__Data records__
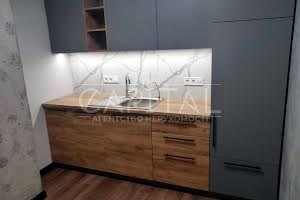 комерційна за адресою Костянтинівська вул., 75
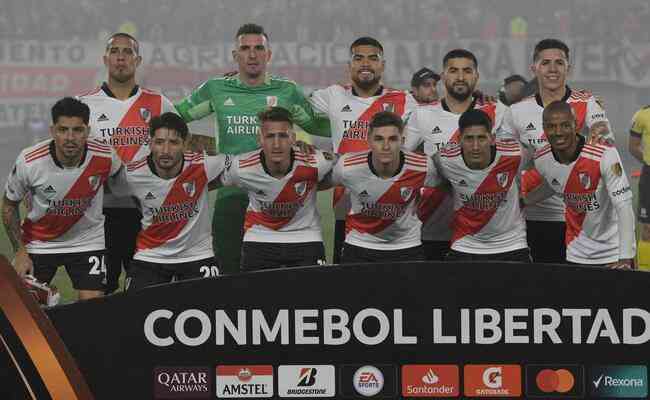 Jogadores do River Plate perfilados para jogo da Copa Libertadores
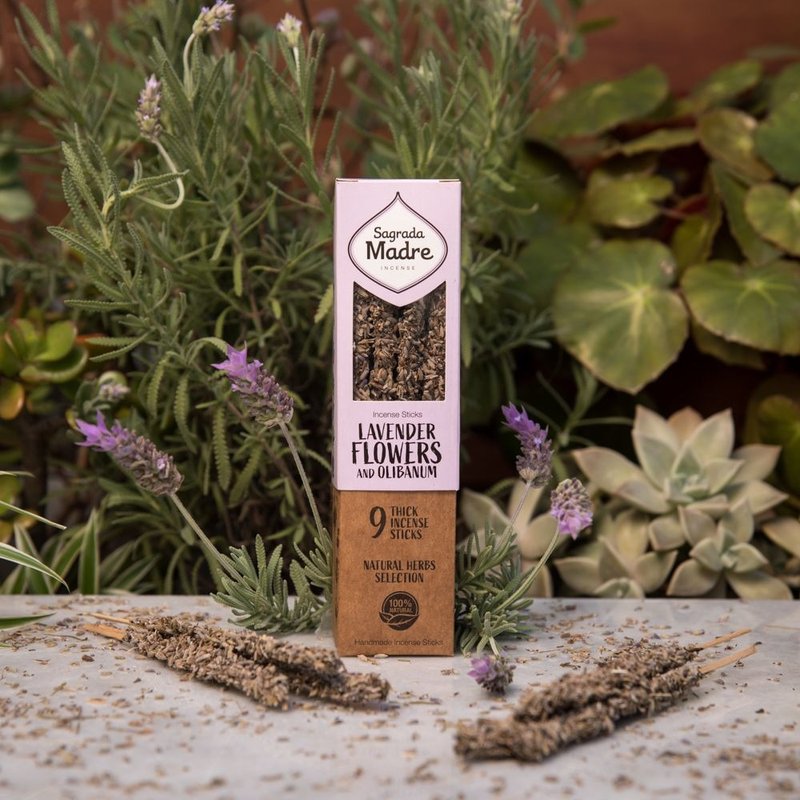 【Sagrada Madre】氛母_薰衣草、乳香-香脂香薰棒 - 香氛/精油/擴香 - 植物．花 卡其色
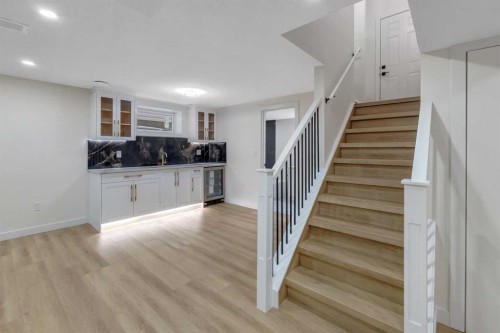 19 Cedargrove Place Sw, Calgary, AB - Indoor Photo Showing Other Room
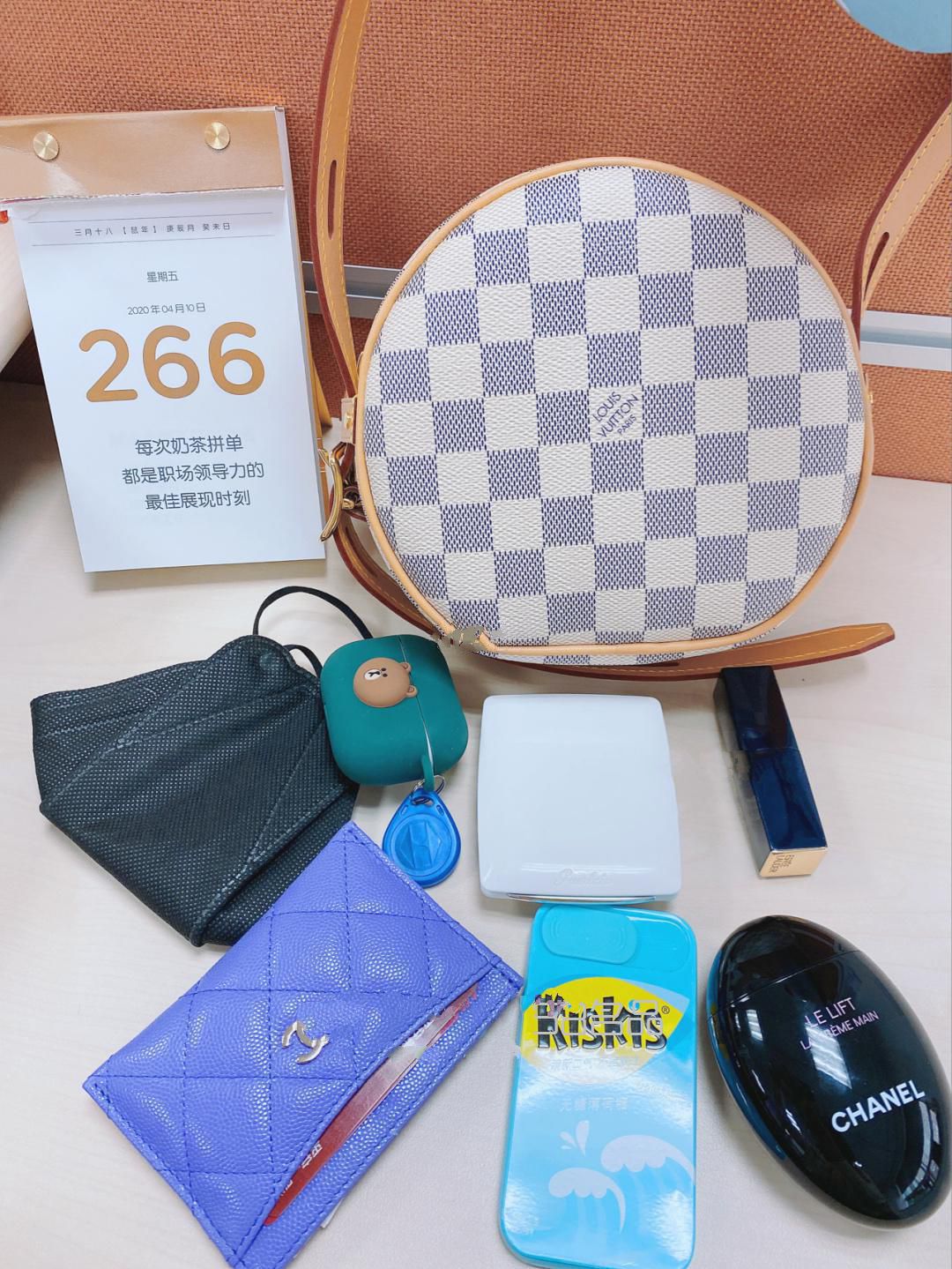 Lv2020白棋盤圓餅包～容量測評,lv neonoe 顯矮嗎_1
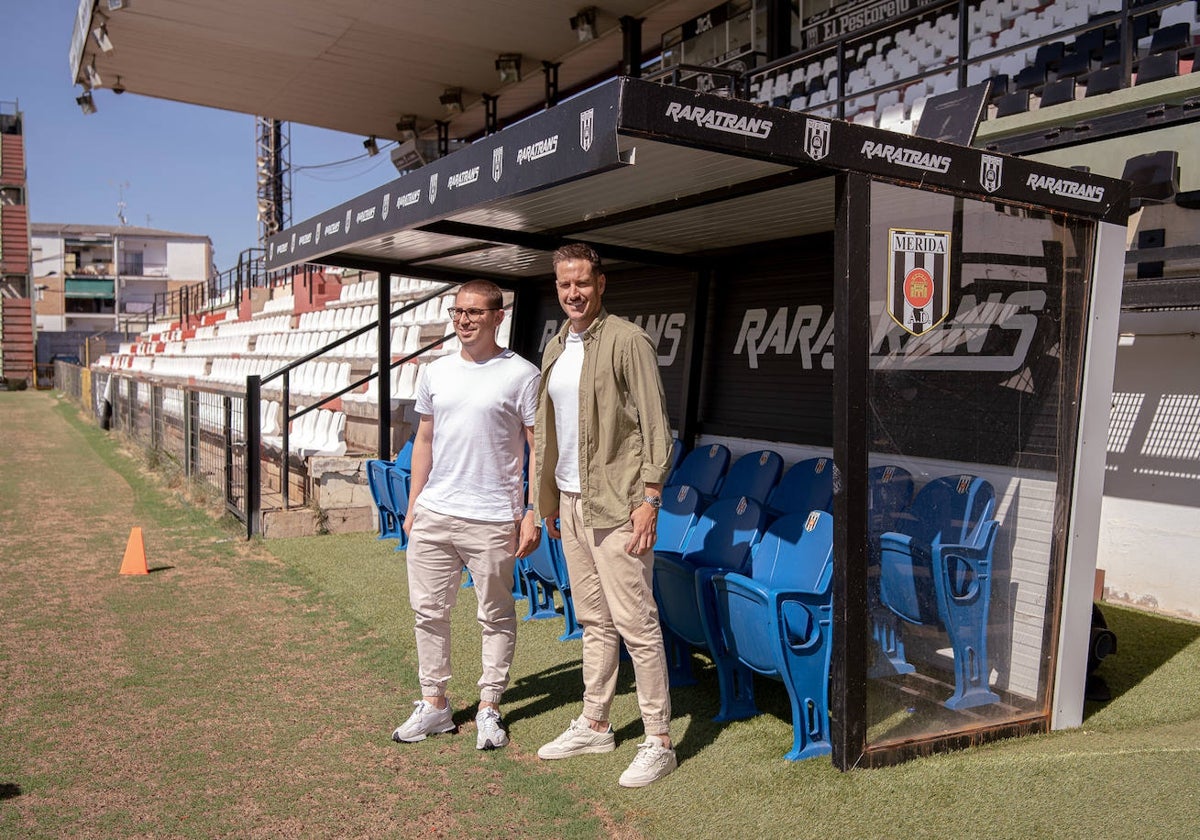 Sergi Guilló y su ayudante Dani Soler en el Romano durante su presentación como entrenador del Mérida.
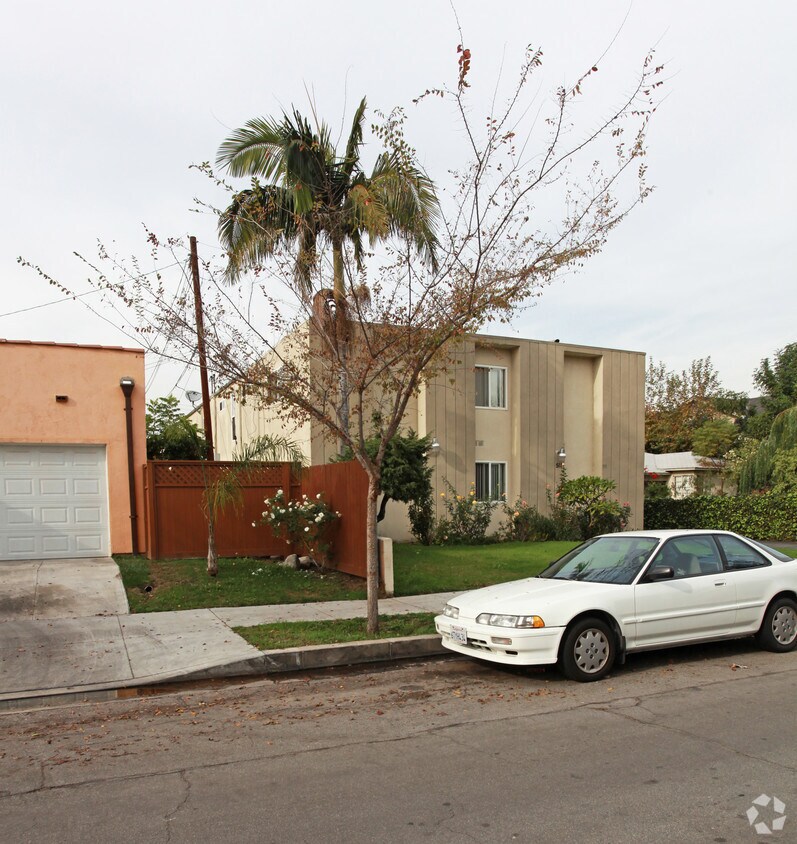Building Photo - 511 Justin Ave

__Task prompt__
When you reproduce the data shown above, keep each line exact and omit every picture.

__Solved exercise__
 комерційна за адресою Костянтинівська вул., 75
 Jogadores do River Plate perfilados para jogo da Copa Libertadores
 【Sagrada Madre】氛母_薰衣草、乳香-香脂香薰棒 - 香氛/精油/擴香 - 植物．花 卡其色
 19 Cedargrove Place Sw, Calgary, AB - Indoor Photo Showing Other Room
 Lv2020白棋盤圓餅包～容量測評,lv neonoe 顯矮嗎_1
 Sergi Guilló y su ayudante Dani Soler en el Romano durante su presentación como entrenador del Mérida.
Building Photo - 511 Justin Ave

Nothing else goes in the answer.